● WORK REQUEST:
The expected output is the full data, repeated exactly, without pictures.

● RECORDED DATA:
====

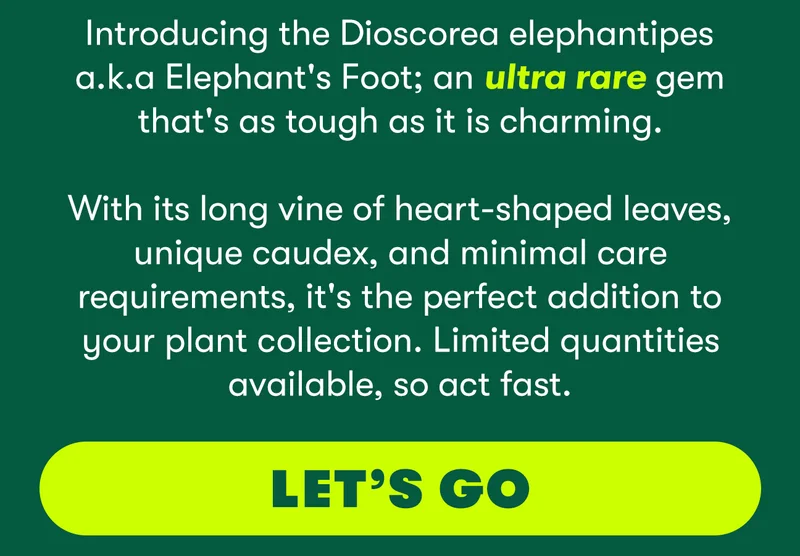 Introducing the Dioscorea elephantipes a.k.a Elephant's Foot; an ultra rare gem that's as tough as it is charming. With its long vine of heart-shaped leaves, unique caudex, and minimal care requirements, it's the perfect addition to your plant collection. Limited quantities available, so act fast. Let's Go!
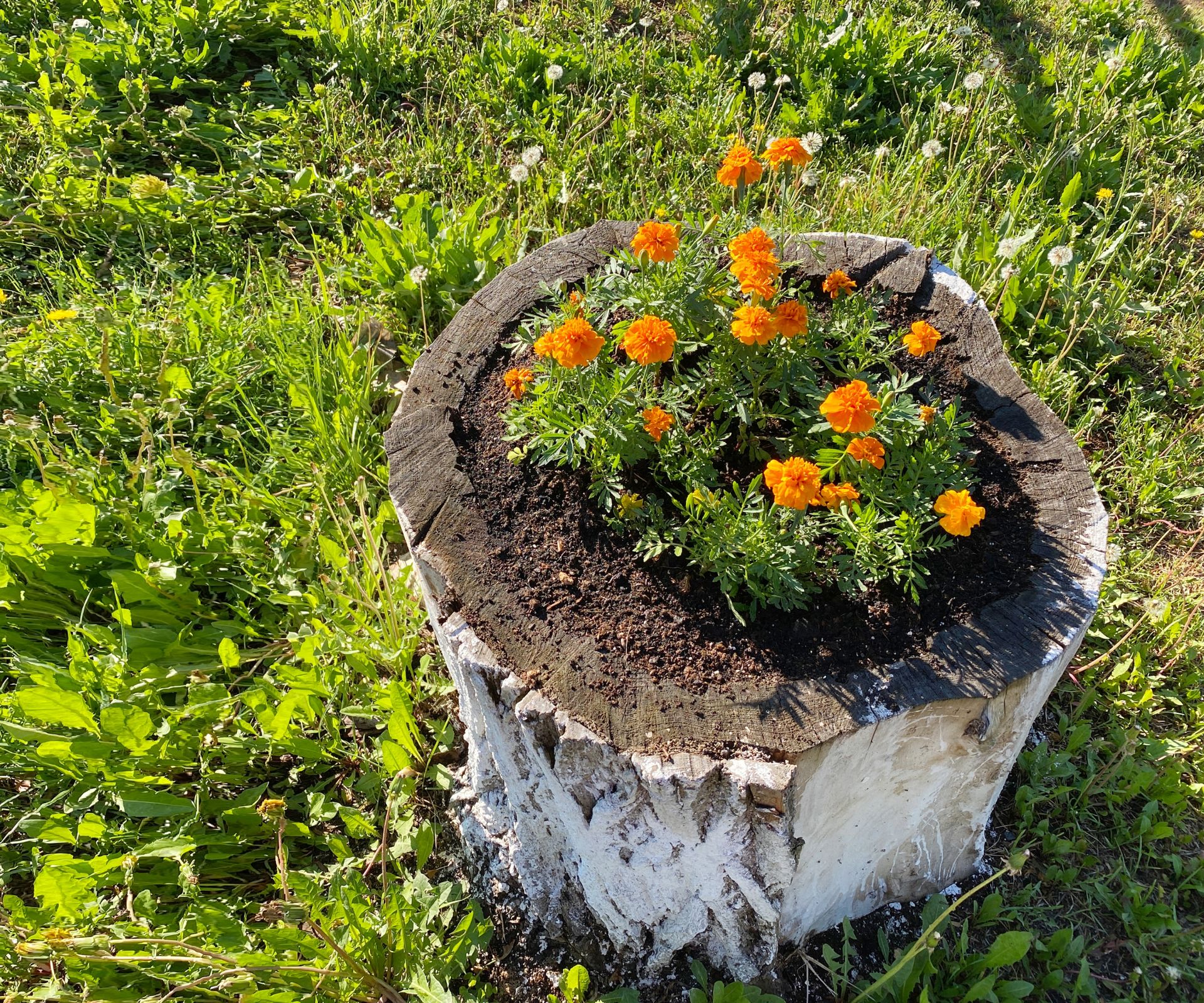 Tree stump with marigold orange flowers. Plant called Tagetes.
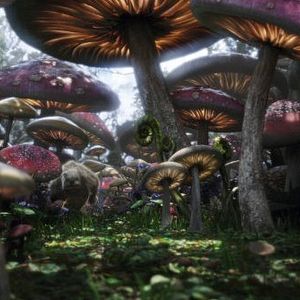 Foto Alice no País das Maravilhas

====

● ANSWER TO THE PROBLEM:
 Introducing the Dioscorea elephantipes a.k.a Elephant's Foot; an ultra rare gem that's as tough as it is charming. With its long vine of heart-shaped leaves, unique caudex, and minimal care requirements, it's the perfect addition to your plant collection. Limited quantities available, so act fast. Let's Go!
 Tree stump with marigold orange flowers. Plant called Tagetes.
 Foto Alice no País das Maravilhas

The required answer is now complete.